L'usage des divisions générales est de rassembler un fort grand nombre d'objets: mais il ne faut pas croire qu'il puisse suppléer à l'étude de ces objets mêmes. C'est une espèce de dénombrement des connaissances qu'on peut acquérir; dénombrement frivole pour qui voudrait s'en contenter, utile pour qui désire d'aller plus loin.
Un seul article raisonné sur un objet particulier de science ou d'art, renferme plus de substance que toutes les divisions et subdivisions qu'on peut faire des termes généraux; et pour ne point sortir de la comparaison que nous avons tirée plus haut des cartes géographiques, celui qui s'en tiendrait à l'arbre encyclopédique pour toute connaissance, n'en saurait guère plus que celui qui pour avoir acquis par les mappemondes une idée générale du globe et de ses parties principales, se flatterait de connaitre les différents peuples qui l'habitent, et les états particuliers qui le composent.
Ce qu'il ne faut point oublier surtout, en considérant notre système figuré, c'est que l'ordre encyclopédique qu'il présente est très-différent de l'ordre généalogique des opérations de l'esprit; que les sciences qui s'occupent des êtres généraux, ne sont utiles qu'autant qu'elles mènent à celles dont les êtres particuliers sont l'objet; qu'il n'y a véritablement que ces êtres particuliers qui existent; et que si notre esprit a créé les êtres généraux, ç'a été pour pouvoir étudier plus facilement l'une après l'autre les propriétés qui par leur nature existent à la fois dans une même substance, et qui ne peuvent physiquement être séparées.
Ces réflexions doivent être le fruit et le résultat de tout ce que nous avons dit jusqu'ici; et c'est aussi par elles que nous terminerons la première partie de ce discours.
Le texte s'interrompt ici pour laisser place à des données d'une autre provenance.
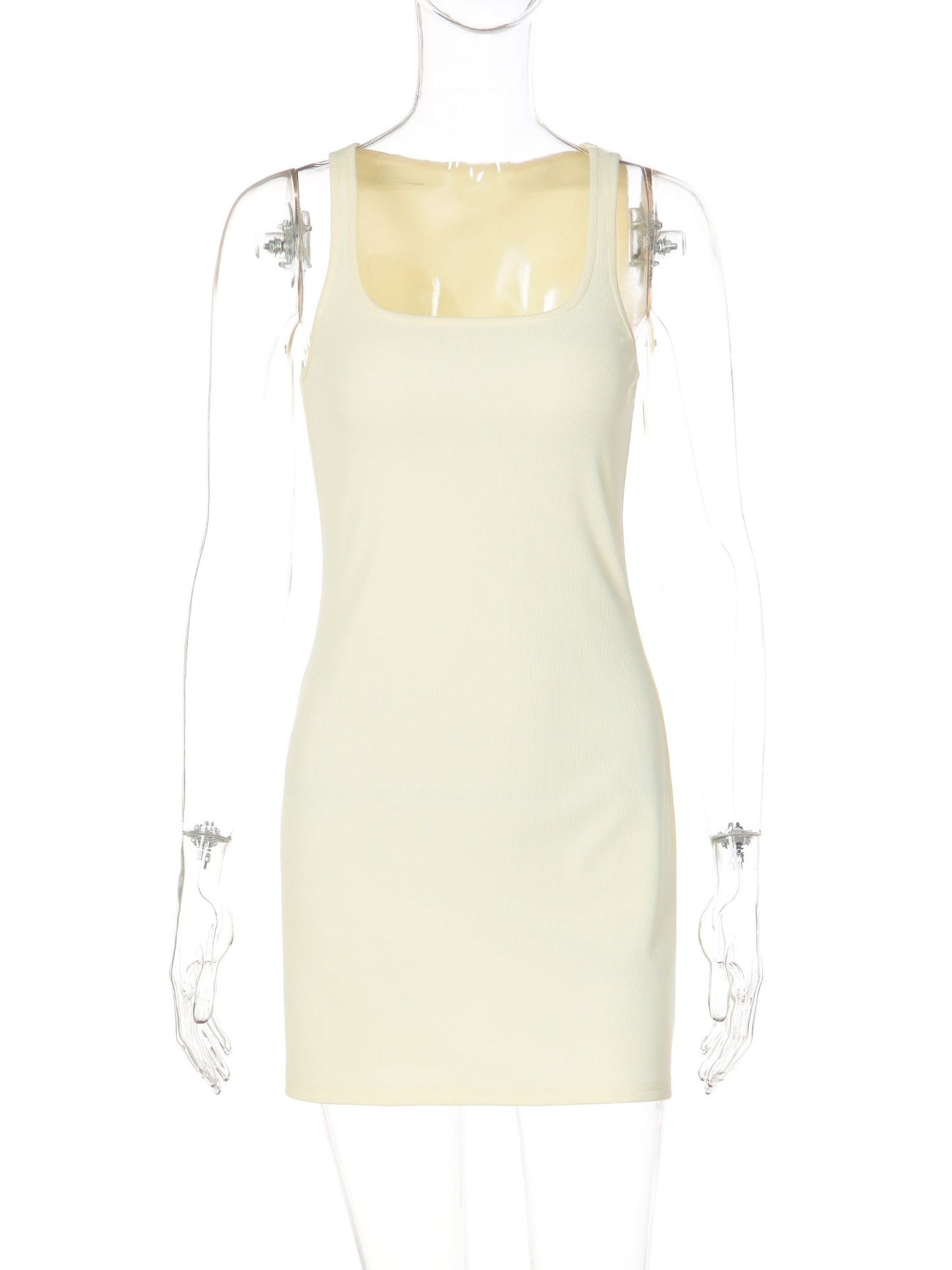 Slim Fit Hip Body Camisoles Mini&Short Dresses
Nous allons présentement considérer cet ouvrage comme dictionnaire raisonné des sciences et des arts .
L'objet est d'autant plus important, que c'est sans doute celui qui peut intéresser davantage la plus grande partie de nos lecteurs, et qui, pour être rempli, a demandé le plus de soins et de travail.
Mais avant que d'entrer sur ce sujet dans tout le détail qu'on est en droit d'exiger de nous, il ne sera pas inutile d'examiner avec quelque étendue l'état présent des sciences et des arts, et de montrer par quelle gradation l'on y est arrivé.
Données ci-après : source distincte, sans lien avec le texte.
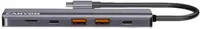 Hub USB Canyon - TDS17 Hub, 6 porturi, USB-C, gri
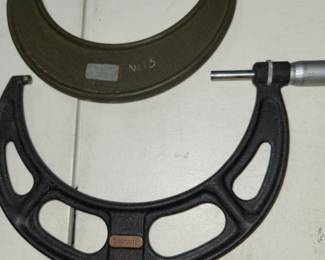 Vintage micrometers by Starrett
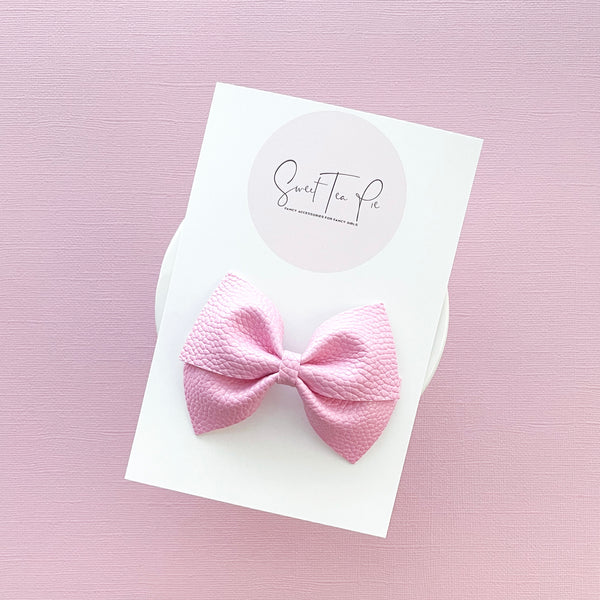 Bubble Gum Modern Lu Hair Bow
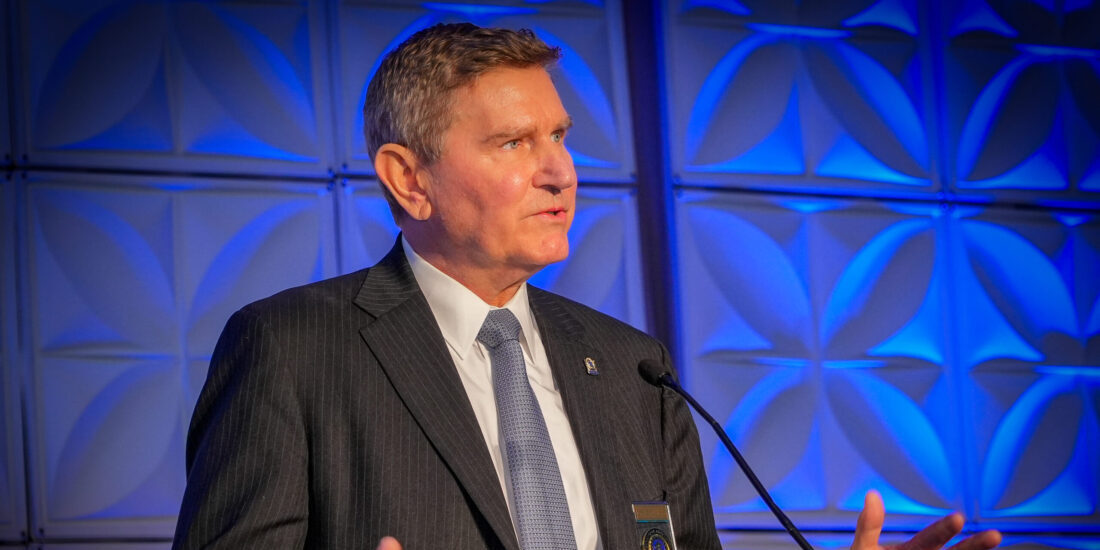 Terry Cunningham at the podium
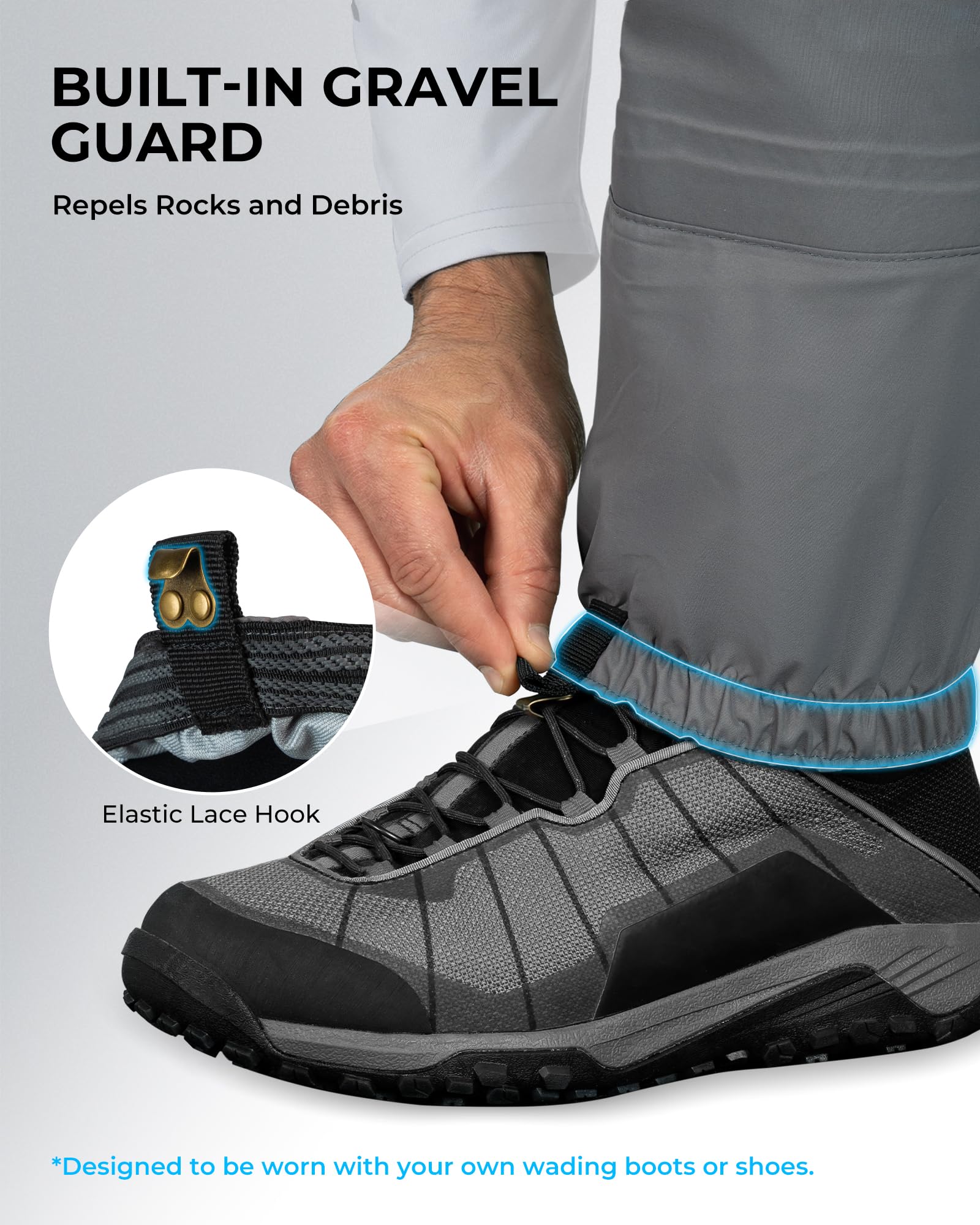 KastKing RiverWalker Hip Waders, Breathable Waterproof Stockingfoot Hip Waders with 4mm Neoprene Booties, Fishing Waders - Image 5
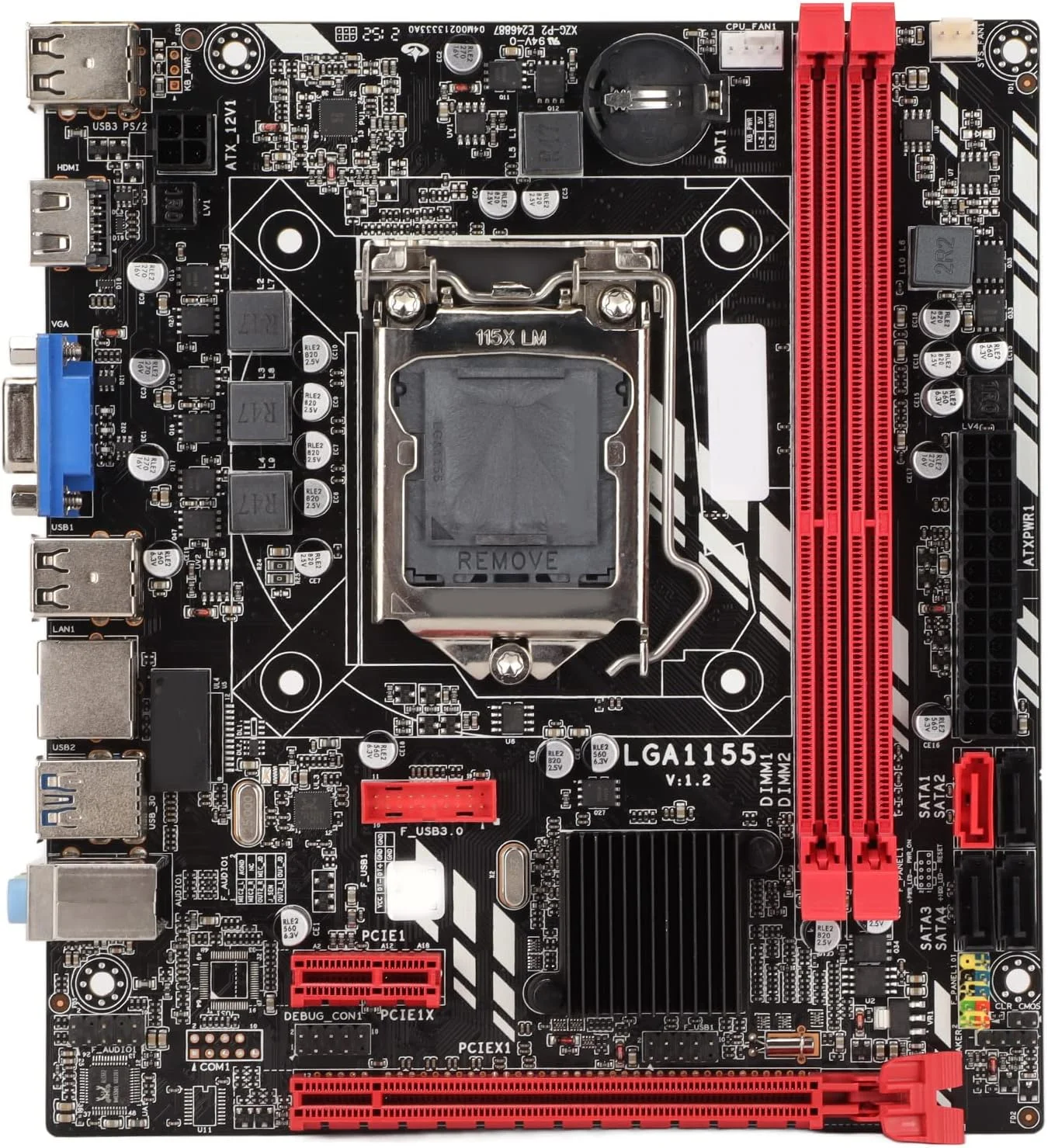 مادربرد GOWENIC B75M MATX DDR3 برای پردازنده های Core i7 i5 i3 LGA1155، خروجی VGA دیجیتال HD مادربرد GOWENIC B75M MATX DDR3 برای پردازنده های Core i7 i5 i3 LGA1155، خروجی VGA دیجیتال HD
L'exposition métaphysique de l'origine et de la liaison des sciences nous a été d'une grande utilité pour en former l'arbre encyclopédique; l'exposition historique de l'ordre dans lequel nos connaissances se sont succédées, ne sera pas moins avantageuse pour nous éclairer nous-mêmes sur la manière dont nous devons transmettre ces connaissances à nos lecteurs. D'ailleurs l'histoire des sciences est naturellement liée à celle du petit nombre de grands génies, dont les ouvrages ont contribué à répandre la lumière parmi les hommes; et ces ouvrages ayant fourni pour le nôtre les secours généraux, nous devons commencer à en parler avant de rendre compte des secours particuliers que nous avons obtenus.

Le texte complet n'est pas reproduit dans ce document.